These giant sequoia trees are located in Sequoia National Park, in California, USA. Notice that the tree on the right has a large scar from a fire. Fires typically do not kill the trees, but do remove competing thin-barked species. Fires also aid giant sequoia regeneration.
Six tree species are known that can top 300 feet (90 meters)
The tallest trees in the world are found in two places in the world. The first is western North America, especially in the US state of California. The second is in southeastern Australia, including across the Bass Strait on the island of Tasmania.
The tallest tree ever measured anywhere else in the world is a tropical species found in Indonesia, on the island of Borneo. It measured 290 feet (88 meters) in height. It’s certainly possible that there are species in the world’s rainforests that can exceed 300 feet (90 meters), that have yet to be discovered – and hopefully they will be discovered before what’s left of our planet’s rainforests is destroyed.
Of the forests that are known to have giant trees, many have been decimated by human activity. One example is the giant coastal redwoods of California, of which only 5% of the original old growth forests remain. It’s unfortunate that someday our species will likely have to tell our offspring about the giant trees that once were, and which we made extinct.
#1 - Giant coastal redwoods
Within redwood forests you can look up and will typically not be able to see the tops of the trees, which can be more than 300 feet (90 meters) above the forest floor.
The tallest known stands at 380 feet (116 meters) in height. They are found along the coast of western North America from central California to southwestern Oregon. The redwood forests are my absolute favorite place on Earth.
#2 - Coast Douglas-fir
One of the tallest tree species on Earth, they are common throughout the volcanic Cascades Mountain Range. Mount Jefferson in the background of this photo is a geologically active stratovolcano in Oregon.

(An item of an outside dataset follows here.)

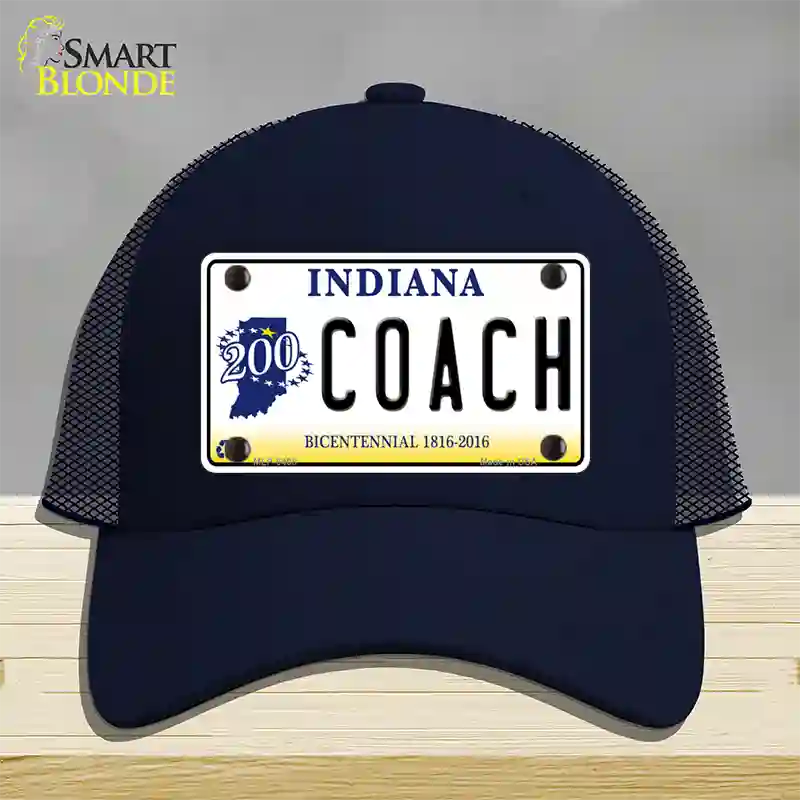 Coach Indiana Novelty License Plate Hat Mesh / Navy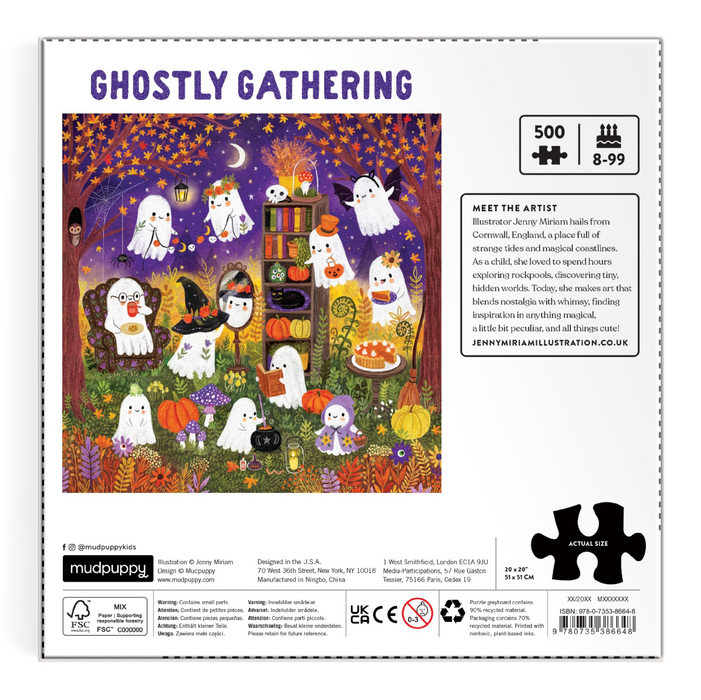 Mudpuppy Ghostly Gathering 500 Piece Family Puzzle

The tallest known tree stands 327 feet (100 meters) in height. They are located in the mountainous regions of western North America from British Columbia southward through Washington, Oregon, and to about the middle of California.

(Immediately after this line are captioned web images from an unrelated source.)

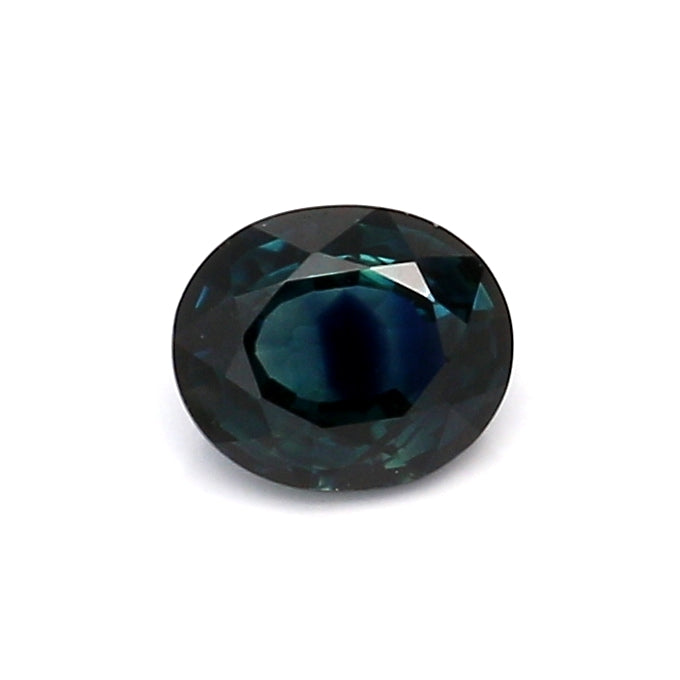 0.84 EC2 Oval Greenish Blue Sapphire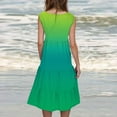 thumbnail image 5 of Summer Dress for Women 2025 A-Line Elastic High Waist Sundress Sleeveless Maxi Dress U Neck Coverup Sundress Beach Vacation Swimsuits, 5 of 7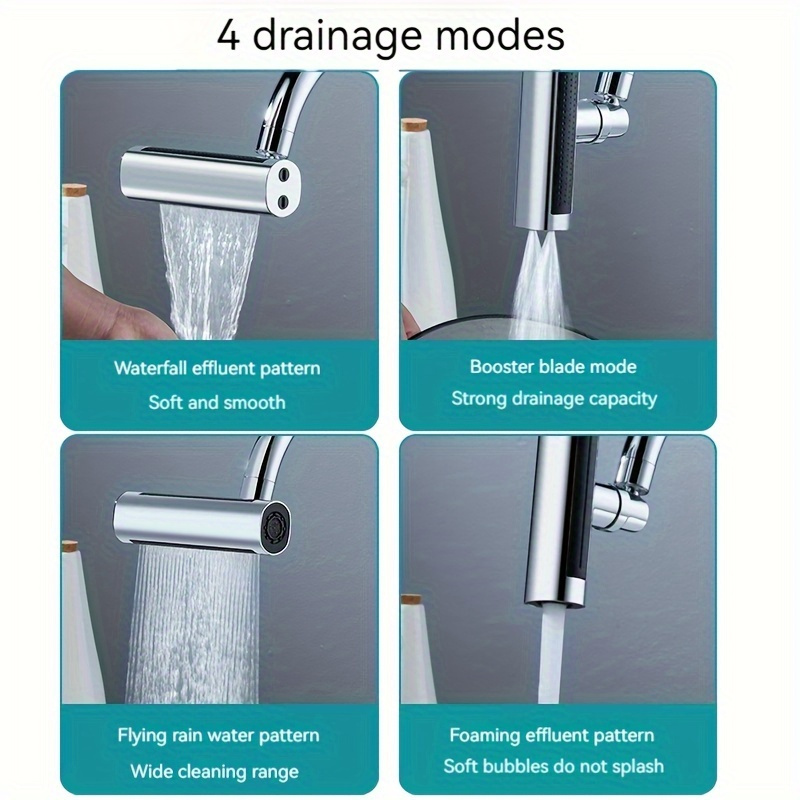 1pc Multifunctional Faucet Ada - Home Essentials Bathroom Accessories 评论和价格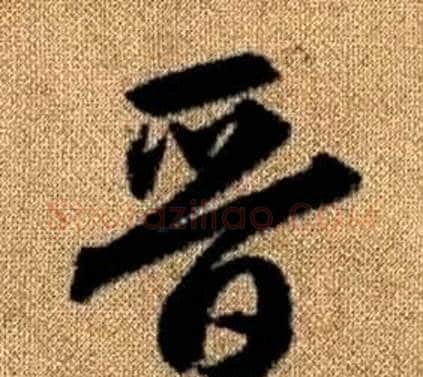 晉字赵孟頫毛笔草书写法,摘自真草千字文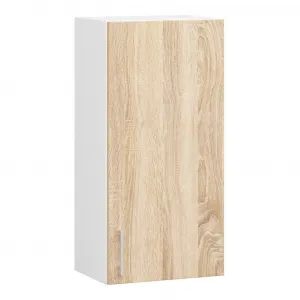 Ak furniture Kuchyňská linka Lima 240 cm prosklená bílá/dub sonoma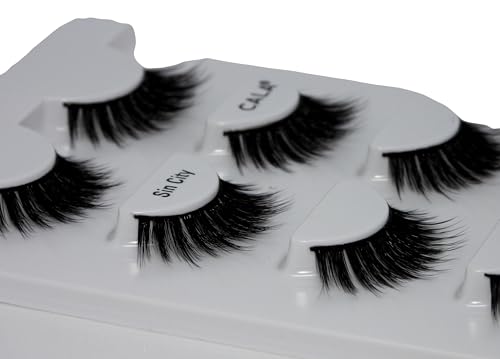 CALA 3D Faux Mink Lashes Sin City - 4 Pack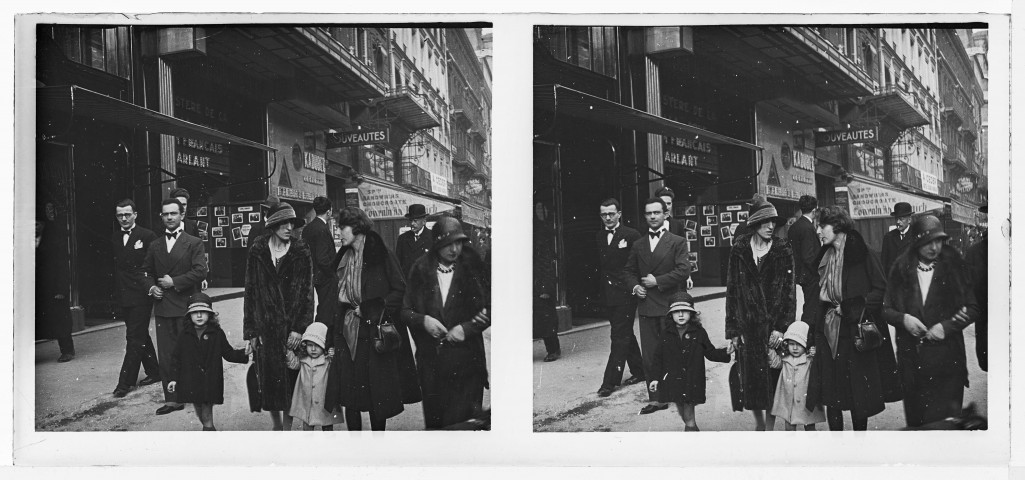 Promenade familiale sur les boulevards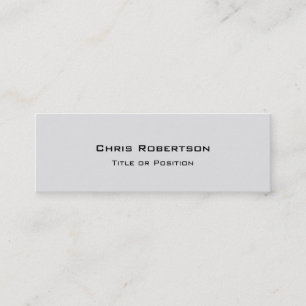 Stylish Trendy Grey Charming Business Card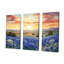 Blue Bonnets Sunset II - ensemble de décorations murales Blue Bonnets-107739827-107739829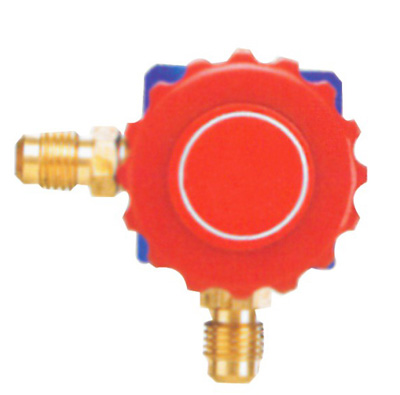 Single valve manifold without gauge refrigeration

#3 - Mountain ash eucalyptus
Sherbrooke Forest is part of Dandenong Ranges National Park in the state of Victoria, Australia.
This species has been measured at 327 feet (100 meters) in height, a tie with the coast Douglas-fir. They are found in southeastern Australia and the island of Tasmania. They are the tallest flowering plant on Earth.
#4 - Sitka spruce
This is the largest species of spruce in the world.

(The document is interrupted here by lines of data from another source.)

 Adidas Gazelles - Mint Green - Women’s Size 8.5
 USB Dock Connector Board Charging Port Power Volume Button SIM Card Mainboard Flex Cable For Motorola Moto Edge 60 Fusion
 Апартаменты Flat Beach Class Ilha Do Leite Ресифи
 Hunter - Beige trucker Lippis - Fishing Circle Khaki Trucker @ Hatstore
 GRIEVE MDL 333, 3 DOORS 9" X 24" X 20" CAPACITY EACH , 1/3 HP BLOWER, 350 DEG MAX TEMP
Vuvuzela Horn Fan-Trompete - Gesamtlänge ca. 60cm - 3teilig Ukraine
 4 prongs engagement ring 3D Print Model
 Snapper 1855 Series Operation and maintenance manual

The tallest ever measured stands 315 feet (96 meters) high. They are located along the coast of western North America from Northern California up to the southeastern extension of Alaska.
#5 - Giant sequoia
Although not the tallest giant sequoia, at 275 feet (84 meters) in height, the General Sherman tree in the photo is the most massive tree on Earth.
I can confirm that these trees are absolutely breathtaking to behold. These are the world’s most massive (heaviest) trees. The tallest known stands 311 feet (95 meters) tall. They are found in the Sierra Nevada Mountains in California.
#6 - Tasmanian blue gum eucalyptus
Tasmanian blue gum eucalpytus, one of the tallest trees on Earth.
The tallest known at the present time stands at 297 feet (91 meters). They are located in southeastern Australia and the island of Tasmania.
Taller individual trees existed in the past
This is the stump of the Mark Twain Tree, in Kings Canyon National Park, in California, USA. This is a giant sequoia that was unfortunately felled in 1891. It was found (by counting the rings) to have been 1,350 years old. Some of the giant sequoias cut down during the 19th and 20th centuries were as large or larger than the largest giant sequoias that stand today.
Each of these tree species listed is known to have had individuals that were taller in the past than any that are currently standing – which is why the Tasmanian blue gum eucalyptus is included on this list.
Now you know where to go if you want to see the world’s tallest trees, and as resident of California for 36 years, I can assure you that it is very much worth it. You may find as I have that these forests are the absolute best place on Earth to be.